Using proteomics to mine genome sequences

Jonathan W Arthur1, Marc R Wilkins2
1jonathan.arthur@proteomesystems.com, Proteome Systems Ltd; 2marc.wilkins@proteomesystems.com, Proteome Systems Ltd

We present a hypothesis-independent method for mining genome sequences with proteomic data. This works by identifying the region of a genome coding for a protein sequence using information from the analysis of proteins and peptides with mass spectrometry. The raw genome sequence of an organism is theoretically cleaved and translated into a series of virtual proteins. Each virtual protein is then subjected to a theoretical enzymatic digestion. Standard proteomic sample preparation methods are used to separate, array, and digest the proteins expressed in a sample. The masses of the digested proteins are measured using mass spectrometry and compared to the theoretical masses of the virtual proteins using peptide mass fingerprinting. The region of the genome responsible for coding for a particular protein, and thus the sequence of the protein, can then be identified. The method provides a distinct advantage over existing methods for annotating genome sequences as no assumptions are made about the location of a protein in a particular gene sequence or the positions of start and stop codons. Further, the method can be applied to entire assembled genomes as well as unassembled sequences including short or long contigs. The method can also be used to identify novel genes with non-typical start codons. To illustrate this approach, all 773 proteins of Psuedomonas aeruginosa contained in SWISS-PROT were used to theoretically test the method and optimise parameters. Increasing the size of the virtual proteins results in an overall improvement in the ability to detect the coding region, at the cost of decreasing the sensitivity of the method for smaller proteins.
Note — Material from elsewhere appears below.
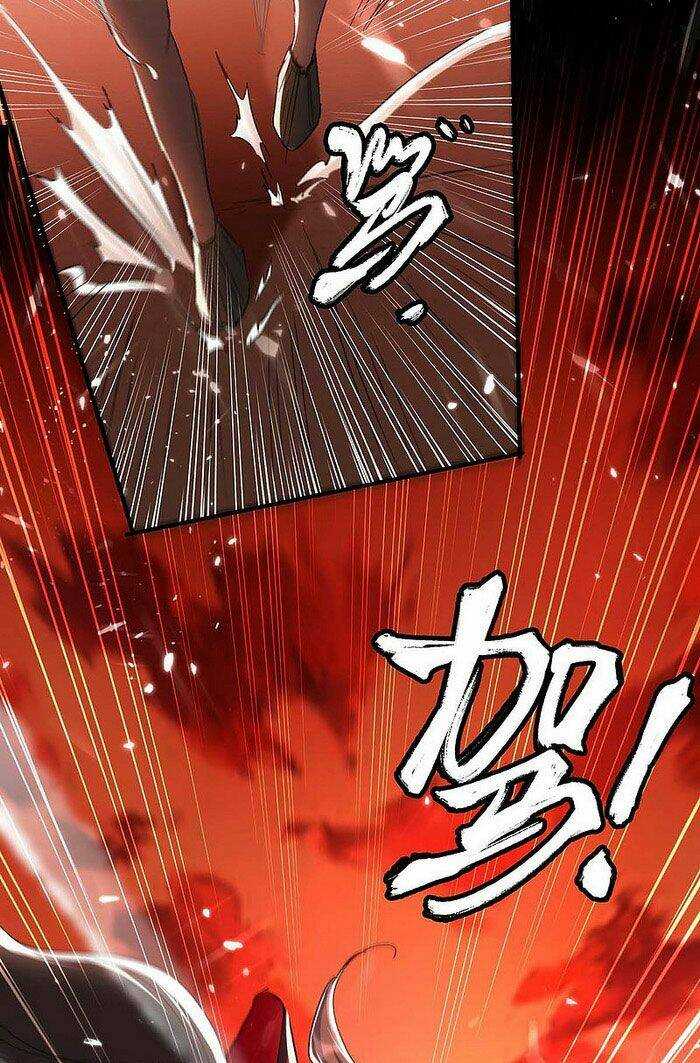 Tiên Đế Qui Lai: Chapter 175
Increasing the number of matching peptides required in the peptide mass fingerprinting search improves the ability to detect coding regions, as does increasing the signal-to-noise ratio of the simulated mass spectrum. Adjusting the error tolerance on the peptide mass fingerprinting search has little effect. The method is also demonstrated on experimental data from Mycobacterium tuberculosis and is shown to work with eukaryotic organisms (e.g., Homo sapiens) as well.